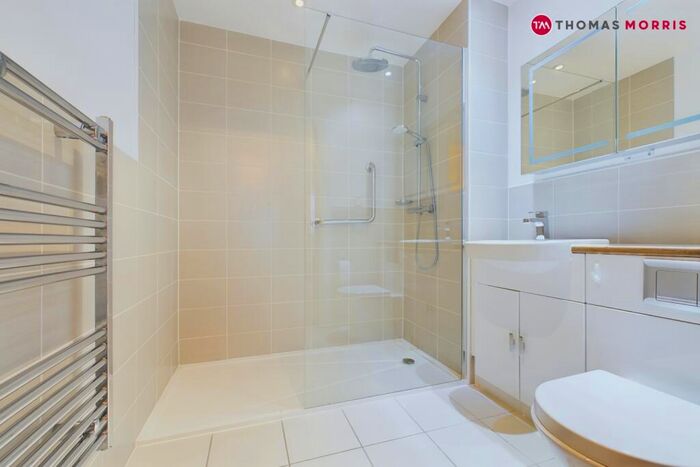 2 Bedroom Apartment For Sale In Shortmead Street, Biggleswade, Bedfordshire, SG18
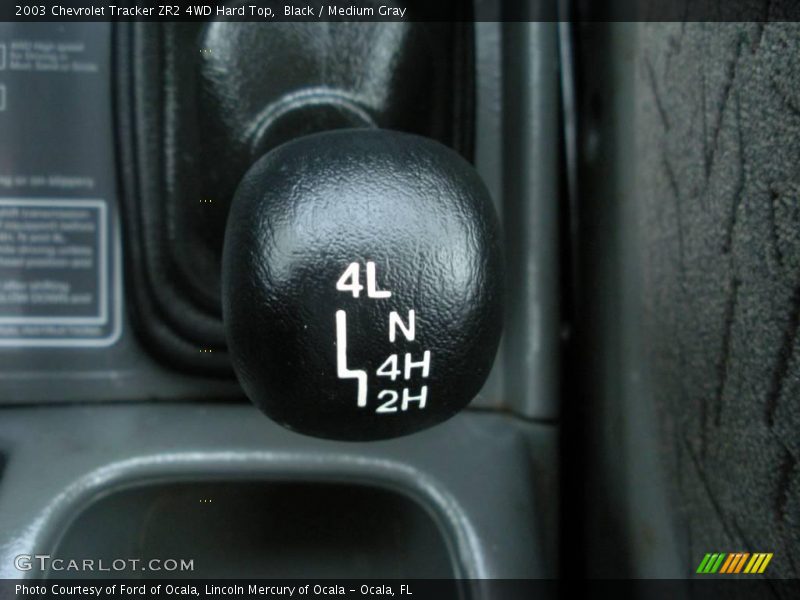Black / Medium Gray 2003 Chevrolet Tracker ZR2 4WD Hard Top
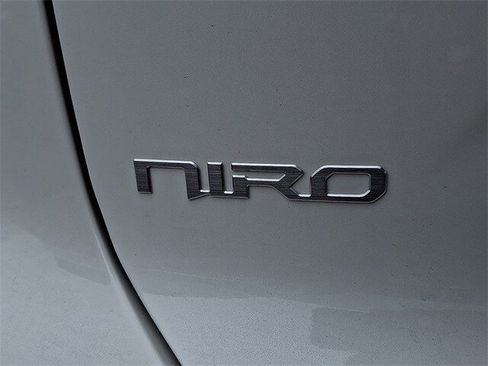 New 2026 Kia Niro LX image 4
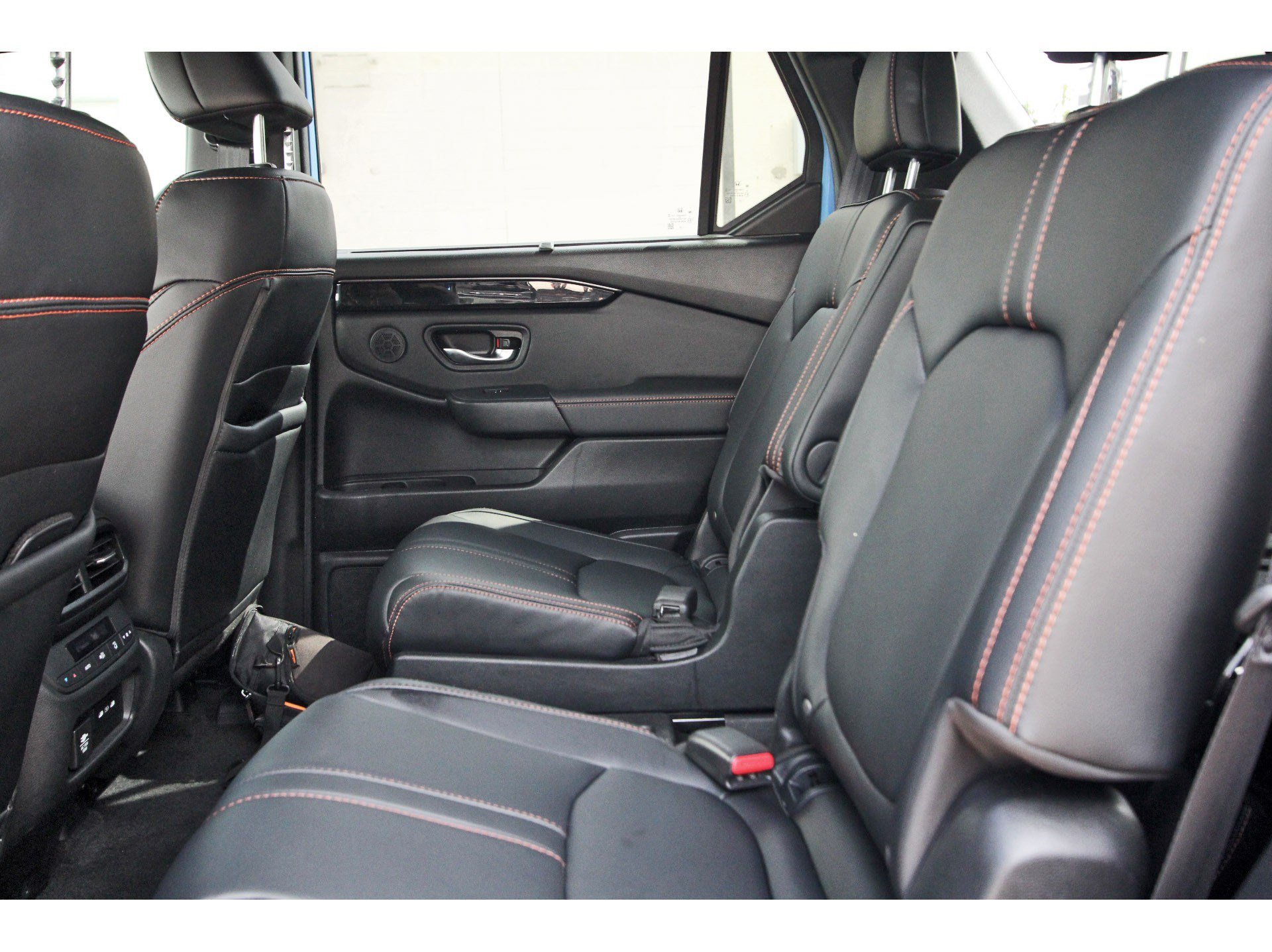 Used 2025 Honda Pilot TrailSport image 28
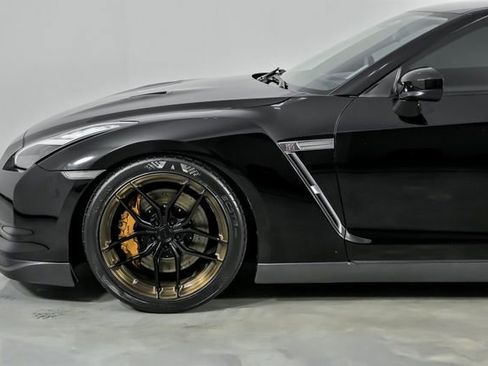 Used 2011 Nissan GT-R Premium image 9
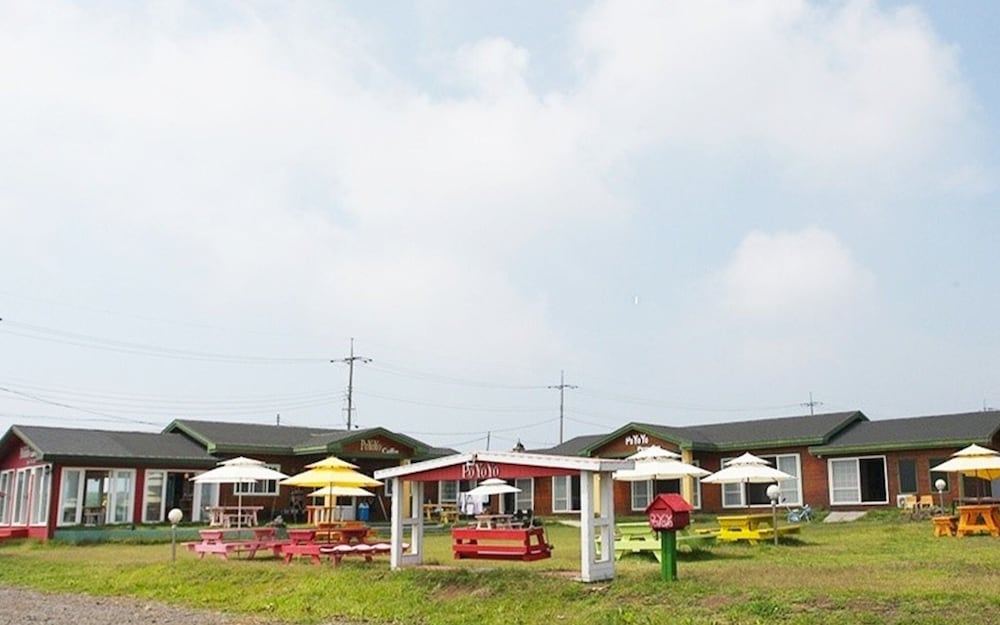 Jeju Poyoyo Pension and Guest House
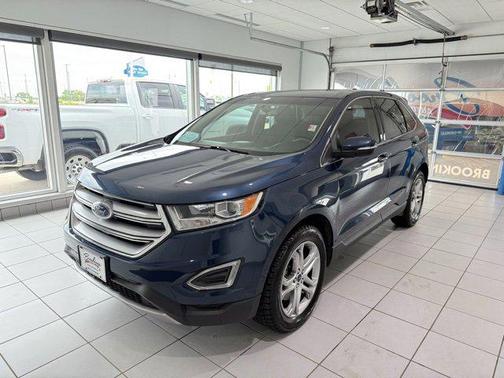 2017 Ford Edge Titanium
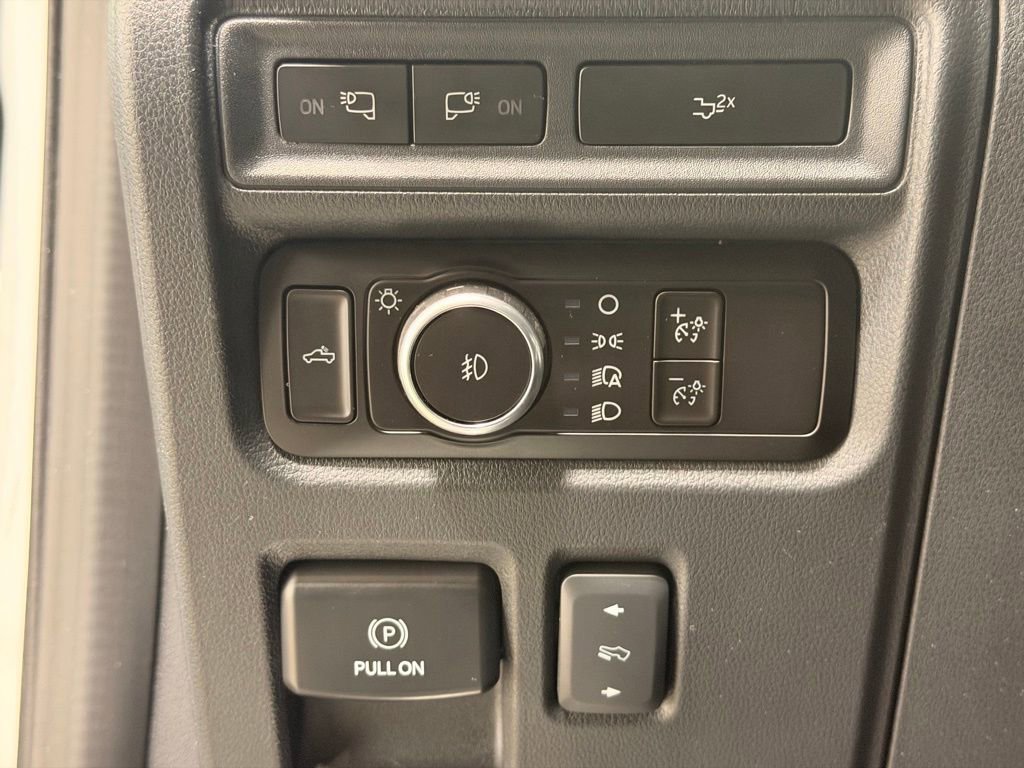 Used 2023 Ford F150 Lariat w/ Equipment Group 502A High image 30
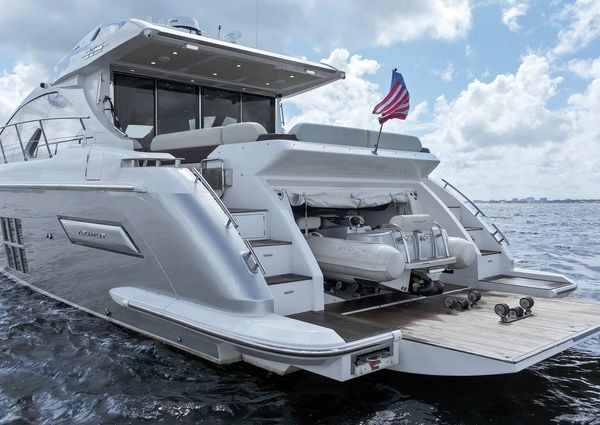 Azimut 55S image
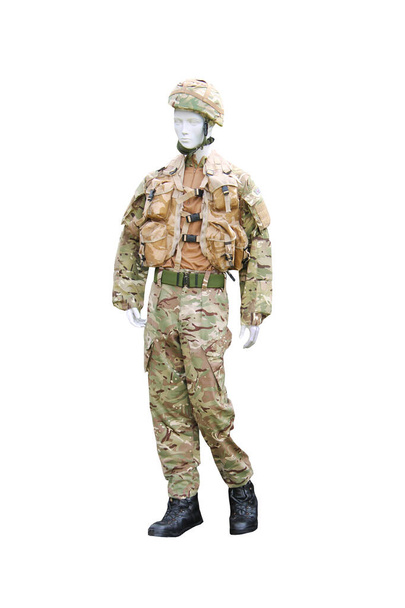 Камуфляжная фигура солдата-манекена. - Фото, изображение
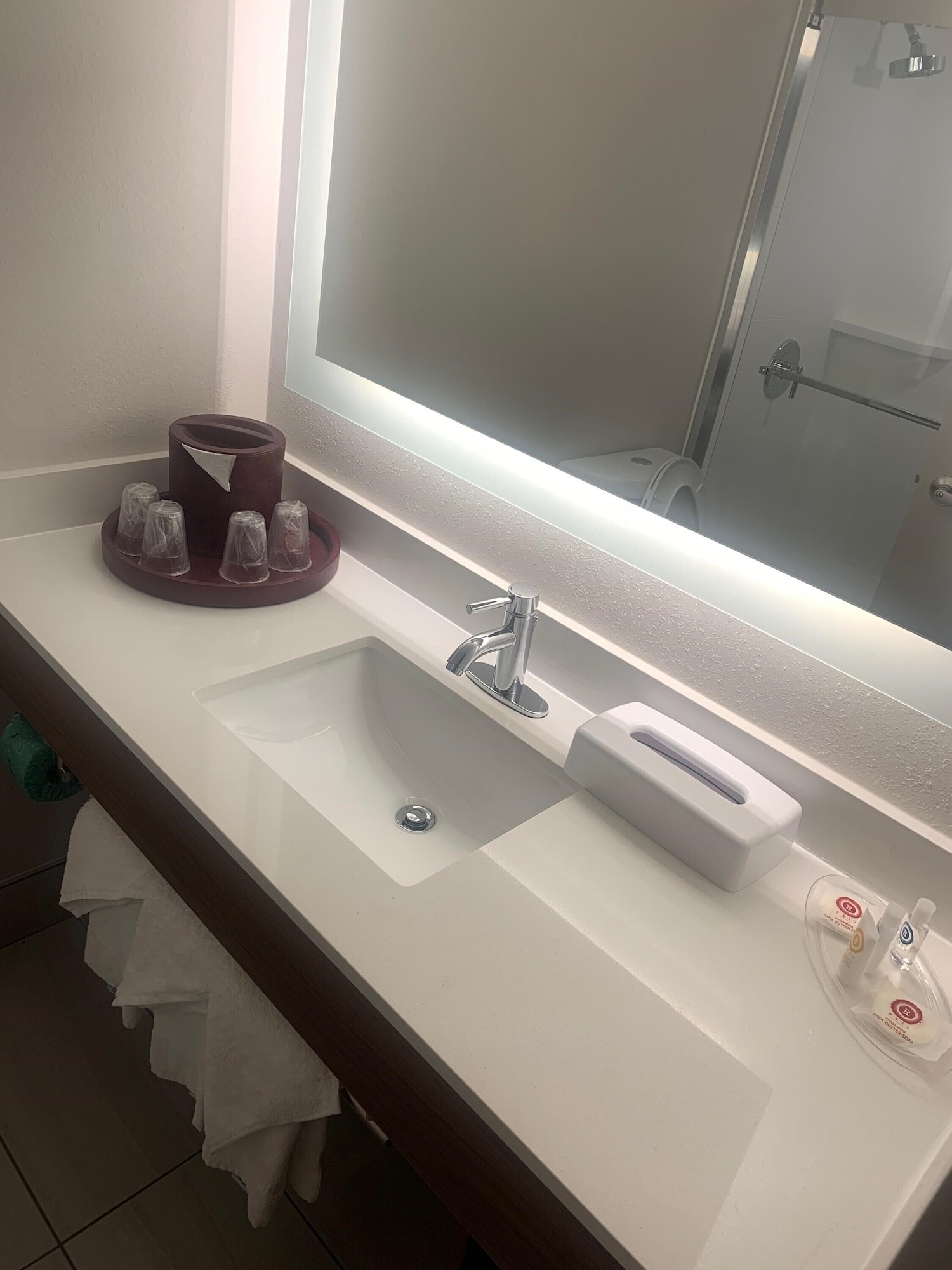 holiday inn express and suites atlanta tucker northlake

TASK ITEM → Copy word for word the lines of the records above from the one with "Used 2025 Honda Pilot TrailSport image 28" up to and including the one with "Камуфляжная фигура солдата-манекена.". Skip the pictures.

OUTPUT FOR THIS TASK →
 Used 2025 Honda Pilot TrailSport image 28
 Used 2011 Nissan GT-R Premium image 9
 Jeju Poyoyo Pension and Guest House
 2017 Ford Edge Titanium
 Used 2023 Ford F150 Lariat w/ Equipment Group 502A High image 30
 Azimut 55S image
 Камуфляжная фигура солдата-манекена. - Фото, изображение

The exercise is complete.